#### Entries shown:

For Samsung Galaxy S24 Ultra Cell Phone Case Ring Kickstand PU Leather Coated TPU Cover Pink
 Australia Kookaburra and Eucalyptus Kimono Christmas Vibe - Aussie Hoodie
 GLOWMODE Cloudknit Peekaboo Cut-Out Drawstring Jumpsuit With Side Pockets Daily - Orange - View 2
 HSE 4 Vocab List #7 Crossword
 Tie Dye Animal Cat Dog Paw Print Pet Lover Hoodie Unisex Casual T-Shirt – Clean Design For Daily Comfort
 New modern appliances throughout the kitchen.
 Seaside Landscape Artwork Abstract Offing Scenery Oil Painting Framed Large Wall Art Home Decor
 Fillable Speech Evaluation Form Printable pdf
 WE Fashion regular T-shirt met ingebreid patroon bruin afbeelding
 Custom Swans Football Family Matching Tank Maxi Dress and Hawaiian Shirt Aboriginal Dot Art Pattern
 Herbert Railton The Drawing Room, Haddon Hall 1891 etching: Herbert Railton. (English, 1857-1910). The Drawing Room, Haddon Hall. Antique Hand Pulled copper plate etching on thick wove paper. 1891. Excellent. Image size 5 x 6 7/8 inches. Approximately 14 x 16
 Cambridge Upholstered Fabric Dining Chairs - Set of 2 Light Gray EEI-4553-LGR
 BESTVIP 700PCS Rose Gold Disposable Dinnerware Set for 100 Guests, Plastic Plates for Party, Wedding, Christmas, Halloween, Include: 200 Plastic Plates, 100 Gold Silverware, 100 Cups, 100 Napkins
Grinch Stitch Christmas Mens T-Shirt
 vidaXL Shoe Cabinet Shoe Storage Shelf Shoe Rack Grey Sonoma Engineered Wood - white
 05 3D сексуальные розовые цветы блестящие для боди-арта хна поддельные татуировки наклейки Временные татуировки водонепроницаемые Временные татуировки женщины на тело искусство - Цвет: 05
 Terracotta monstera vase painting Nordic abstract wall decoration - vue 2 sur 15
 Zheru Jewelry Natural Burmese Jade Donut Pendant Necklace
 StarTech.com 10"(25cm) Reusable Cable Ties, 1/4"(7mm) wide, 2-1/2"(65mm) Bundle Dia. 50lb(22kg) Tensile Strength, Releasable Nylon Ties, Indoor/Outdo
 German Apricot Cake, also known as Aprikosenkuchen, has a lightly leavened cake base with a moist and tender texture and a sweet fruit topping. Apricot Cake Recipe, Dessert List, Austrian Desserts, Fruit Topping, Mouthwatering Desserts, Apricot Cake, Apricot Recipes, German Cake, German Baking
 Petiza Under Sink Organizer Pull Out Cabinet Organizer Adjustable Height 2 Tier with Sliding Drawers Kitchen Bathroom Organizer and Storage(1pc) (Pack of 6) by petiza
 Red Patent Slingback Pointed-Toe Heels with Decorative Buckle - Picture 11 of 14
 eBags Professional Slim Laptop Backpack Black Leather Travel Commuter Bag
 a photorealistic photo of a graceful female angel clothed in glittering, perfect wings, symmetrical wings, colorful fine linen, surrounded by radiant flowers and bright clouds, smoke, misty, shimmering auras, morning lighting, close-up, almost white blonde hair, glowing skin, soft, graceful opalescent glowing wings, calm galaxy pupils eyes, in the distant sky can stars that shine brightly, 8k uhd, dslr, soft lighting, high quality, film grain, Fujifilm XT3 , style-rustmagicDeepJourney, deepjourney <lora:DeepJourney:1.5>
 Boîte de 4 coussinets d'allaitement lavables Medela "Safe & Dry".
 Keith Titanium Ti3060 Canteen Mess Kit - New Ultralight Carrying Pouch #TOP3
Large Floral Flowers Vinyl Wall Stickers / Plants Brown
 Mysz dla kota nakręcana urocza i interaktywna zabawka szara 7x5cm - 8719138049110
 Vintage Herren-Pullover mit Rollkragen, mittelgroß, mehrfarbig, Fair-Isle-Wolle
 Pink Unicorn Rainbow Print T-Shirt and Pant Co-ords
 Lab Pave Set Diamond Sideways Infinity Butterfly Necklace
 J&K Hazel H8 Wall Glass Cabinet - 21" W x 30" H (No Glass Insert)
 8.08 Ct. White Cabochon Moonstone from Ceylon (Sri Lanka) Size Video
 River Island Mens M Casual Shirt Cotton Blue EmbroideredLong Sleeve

#### Exercise:
In the listing above, find the line containing "vidaXL Shoe Cabinet" and the line containing "Zheru Jewelry Natural", then quote both, plus every line between them, exactly as written.

#### Result:
 vidaXL Shoe Cabinet Shoe Storage Shelf Shoe Rack Grey Sonoma Engineered Wood - white
 05 3D сексуальные розовые цветы блестящие для боди-арта хна поддельные татуировки наклейки Временные татуировки водонепроницаемые Временные татуировки женщины на тело искусство - Цвет: 05
 Terracotta monstera vase painting Nordic abstract wall decoration - vue 2 sur 15
 Zheru Jewelry Natural Burmese Jade Donut Pendant Necklace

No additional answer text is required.